I usually think your posts are good. Great even. But this one? Absolutely so perfect it will be so helpful to be the pond. I had never thought of doing that, then drawing. THANK YOU for this most wonderful of posts. There is a big grateful fish swimming around right now 🙂

Jonny Fernandez
Jonny Fernandez
1 year ago

V, thanks for sharing,
I/my children felts into same feelings, looking to find the good thing in this difficult, sadness hardest unpredictable time.
Being kind with ourselves and with our pure sweetie kids is how we found the whole world is swimming into the same direction, facing similar family challenges and hoping sooner the virus is over and we all be able to celebrate we stayed healthy.
Love you all guys 🥰☘️!

Marsha
Marsha
1 year ago

Awesome! I’m going to do this myself.

Leslie
Leslie
1 year ago

Love this so much.

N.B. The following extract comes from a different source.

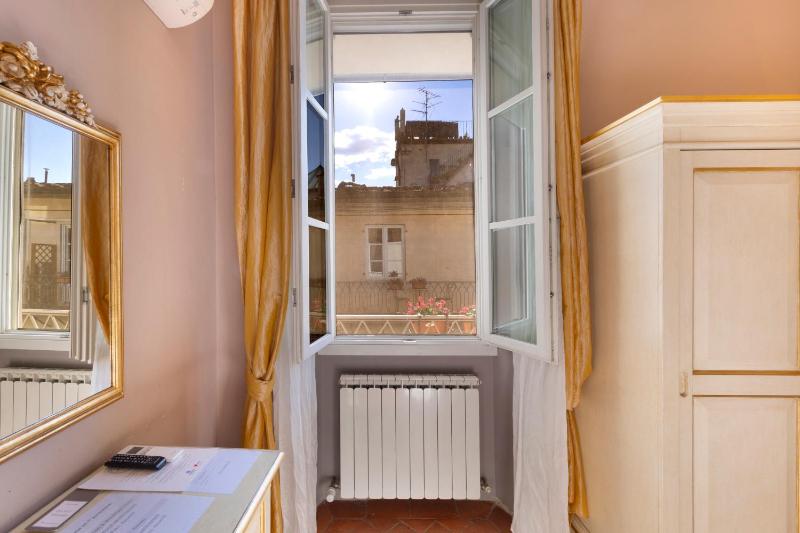 Superior Double or Twin Room with Balcony image 3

Going to try with E. Xoxo

Jeanne Waters
1 year ago

I love the pond meditation…Very good. It makes real for me the idea that “You are not your thoughts.”
Pluto the Dog is GREAT!

Ashima
Ashima
1 year ago

Thanks for the reminder that my kiddo is struggling too. Sometimes I get so wrapped up in myself that I forget about those around me. Thanks for this.